As I’ve said, I went to Toronto and noticed a few things that are bloggable. One of these is the Ontario Art Gallery. Actually, not the Art Gallery itself, but the community around it. Essentially, if you go to Dundas and McCaul (between Spadina and University) you are in Artsy-fartsy town. The small businesses organized themselves around the concept that you are in a “Art” area of town.
There are similar associations. Dundas and Spadina proper is China Town, for instance. College Street between Bathurst and Ossington is “Little Italy.” There’s a financial district and a fashion district. If you have a cultural interest, you generally know where to satisfy it in Toronto.
I live in Halifax. Halifax is still stuck on the idea that it is a number of small municipalities amalgamated into one. There are alot of different cultures in Halifax, but there is no “China town” or “little Italy.” Basically, you have good quality products and services “on the peninsula” (basically downtown Halifax) with some cultural icons (with broadly cultural names like “Historic Properties” and “The Waterfront”). Everyone else provides a “second tier” of services, struggling to survive.
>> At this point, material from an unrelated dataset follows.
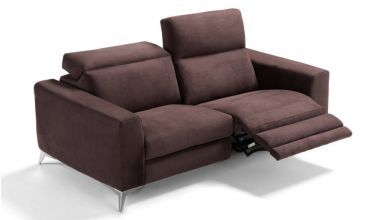 Verona Włoski Sofa 2 Osobowa z funkcją relaks Motion Italia, piękna włoska sofa z regulowanym zagłówkiem, włoska sofa z szerokim i głębokim siedziskiem tylko w Delux Deco, sofa we włoskiej skórze bydlęcej, sofa w welwecie, sofa w welurze, włoska sofa w za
My view is that a sense of culture in Halifax is being twarted by ties to political boundaries. Dartmouth has a slate of programs that imitates Halifax, but just doesn’t do it as well. Take the popular Natal Day Parade or the Dartmouth Christmas Tree Lighting. These programs are well-attended and good for politicians to show their community that Dartmouth is getting its fair share of tax dollars, but in the end, it’s not very good cultural planning.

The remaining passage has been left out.